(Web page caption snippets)
::::::::::

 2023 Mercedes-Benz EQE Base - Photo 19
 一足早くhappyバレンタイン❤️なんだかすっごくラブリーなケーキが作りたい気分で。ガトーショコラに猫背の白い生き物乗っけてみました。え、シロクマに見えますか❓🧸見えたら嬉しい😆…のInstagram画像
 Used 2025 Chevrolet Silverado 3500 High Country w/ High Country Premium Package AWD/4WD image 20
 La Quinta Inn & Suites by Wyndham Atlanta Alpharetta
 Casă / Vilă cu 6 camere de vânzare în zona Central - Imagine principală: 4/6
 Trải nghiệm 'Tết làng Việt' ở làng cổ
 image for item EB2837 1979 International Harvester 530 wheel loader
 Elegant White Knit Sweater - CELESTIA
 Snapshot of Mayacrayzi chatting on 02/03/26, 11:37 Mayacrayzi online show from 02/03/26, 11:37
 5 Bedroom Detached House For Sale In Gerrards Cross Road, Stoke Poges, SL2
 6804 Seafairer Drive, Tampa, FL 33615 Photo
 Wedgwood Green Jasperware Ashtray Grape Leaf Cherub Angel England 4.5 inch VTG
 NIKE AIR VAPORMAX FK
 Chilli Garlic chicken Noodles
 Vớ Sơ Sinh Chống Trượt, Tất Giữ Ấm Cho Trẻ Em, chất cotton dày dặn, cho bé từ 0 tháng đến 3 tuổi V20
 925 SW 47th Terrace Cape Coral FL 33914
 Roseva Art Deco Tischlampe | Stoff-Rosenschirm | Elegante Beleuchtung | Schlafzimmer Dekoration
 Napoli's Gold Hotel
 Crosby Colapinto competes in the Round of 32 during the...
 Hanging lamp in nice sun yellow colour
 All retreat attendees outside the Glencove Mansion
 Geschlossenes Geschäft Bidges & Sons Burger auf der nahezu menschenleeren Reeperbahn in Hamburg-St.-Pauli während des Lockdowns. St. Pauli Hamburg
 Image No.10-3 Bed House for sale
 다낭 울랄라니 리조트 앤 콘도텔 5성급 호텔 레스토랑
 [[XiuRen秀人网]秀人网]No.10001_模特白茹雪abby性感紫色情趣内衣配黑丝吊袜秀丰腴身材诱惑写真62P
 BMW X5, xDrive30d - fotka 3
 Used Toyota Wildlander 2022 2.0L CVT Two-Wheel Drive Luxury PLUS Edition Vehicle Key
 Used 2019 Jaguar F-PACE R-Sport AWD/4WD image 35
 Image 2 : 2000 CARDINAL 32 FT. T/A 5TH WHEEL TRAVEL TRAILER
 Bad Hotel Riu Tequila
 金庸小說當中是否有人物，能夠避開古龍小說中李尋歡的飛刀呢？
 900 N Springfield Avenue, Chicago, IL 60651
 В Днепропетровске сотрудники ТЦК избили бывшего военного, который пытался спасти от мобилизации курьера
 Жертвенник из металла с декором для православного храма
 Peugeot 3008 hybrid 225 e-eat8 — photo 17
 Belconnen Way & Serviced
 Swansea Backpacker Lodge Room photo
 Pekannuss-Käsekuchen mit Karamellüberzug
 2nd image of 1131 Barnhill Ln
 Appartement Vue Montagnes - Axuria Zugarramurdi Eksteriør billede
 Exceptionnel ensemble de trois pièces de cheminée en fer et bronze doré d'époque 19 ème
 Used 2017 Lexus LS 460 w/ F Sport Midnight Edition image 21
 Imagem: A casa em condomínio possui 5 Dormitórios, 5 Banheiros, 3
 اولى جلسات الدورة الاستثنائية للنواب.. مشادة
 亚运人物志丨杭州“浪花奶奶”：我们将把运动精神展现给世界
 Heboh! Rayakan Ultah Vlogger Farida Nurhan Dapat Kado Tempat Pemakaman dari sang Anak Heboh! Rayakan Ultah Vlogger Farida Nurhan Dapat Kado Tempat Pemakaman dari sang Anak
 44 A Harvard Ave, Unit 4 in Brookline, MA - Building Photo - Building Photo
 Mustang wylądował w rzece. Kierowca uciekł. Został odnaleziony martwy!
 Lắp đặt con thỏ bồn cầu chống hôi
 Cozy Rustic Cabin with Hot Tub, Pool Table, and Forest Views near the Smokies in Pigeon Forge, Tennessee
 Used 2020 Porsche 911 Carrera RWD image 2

::::::::::

→ **AIM OF THE EXERCISE**
Every line with "Used" in it should be copied from the entries above.

→ **SOLUTION**
 Used 2025 Chevrolet Silverado 3500 High Country w/ High Country Premium Package AWD/4WD image 20
 Used Toyota Wildlander 2022 2.0L CVT Two-Wheel Drive Luxury PLUS Edition Vehicle Key
 Used 2019 Jaguar F-PACE R-Sport AWD/4WD image 35
 Used 2017 Lexus LS 460 w/ F Sport Midnight Edition image 21
 Used 2020 Porsche 911 Carrera RWD image 2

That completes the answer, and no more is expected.